Pooka barked obediently.

Sara gave Pooka a rub on the ears. “It was nice to meet you, Pooka,” she said.

Bucky just nodded. Pooka looked too eager to see the last of him.

“He likes you,” Anya said to Sara. But turning to Bucky, she added, “though I’m not so sure why he doesn’t like you.”

“Aw, he’s not the first dog who’s barked at me,” Bucky shrugged. He and Sara got their hats, and Dmitri closed and locked the door behind them.

“Pooka’s pretty good about being left alone,” said Dmitri when they went down the stairs. “Anya takes him with her to school. He only gets issues when we’re gone too long  
without telling him.”

“So you were telling me your story,” said Anya when they had reached the street.

“There wasn’t much more to tell,” said Bucky. “And I’m afraid you wouldn’t understand it all.”

“But you’re from the future. You can tell us what it’s like.”

“It’s not much different, really,” said Bucky.

“Well, it is, but in some ways it isn’t,” Sara added.
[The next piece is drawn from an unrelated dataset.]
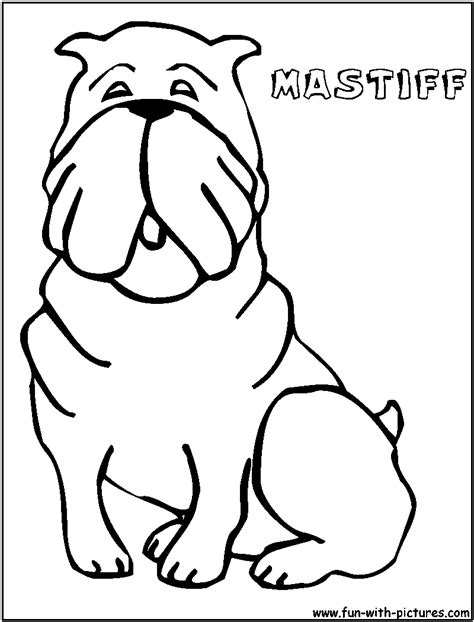 Mastiff Coloring Pages At Free Printable Colorings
“I wouldn’t be able to tell you about it, really,” said Bucky, “I haven’t really lived in it that long. They tell me I came from the past, but my past is technically your future, so go figure.”

“By how much?” asked Anya.

“Oh, twenty years, give or take,” said Sara. “He spent seventy years as an assassin. But he’s so young-looking because they kept him on ice when he wasn’t needed.” 

The casualness with which she said that astounded her, and Bucky gave her a look as well.

“Well, they were really cruel to him,” said Sara. 

“I’ve figured that much,” said Dmitri. “So that puts you both from about ninety years in the future. Incredible.”

“You two seem to be taking this rather well.”

“We’ve seen some strange stuff,” said Anya.

“Oh, I heard about it,” said Sara. “I mean, I’ve heard of you before. But I’m pretty sure Rasputin’s got nothing on the guys who tortured Bucky.”

“Do you really think so?” said Anya, giving her a look.

“Trust me, you don’t want to know.”

They walked down Rue de P_____ until they reached Rue de St. D____, where they crossed a bridge. Dmitri told them about his business, helping Russian expats in Paris find work,  
mostly in factories, although on the side he did admit to swindling some of the factory managers he knew to get them to hire his clients. But his stories were entertaining, and they were a better fit for the glowing, golden lights of the streets of Paris. The people tipped their hats and smiled as they passed, and Sara coached Bucky to do the same. 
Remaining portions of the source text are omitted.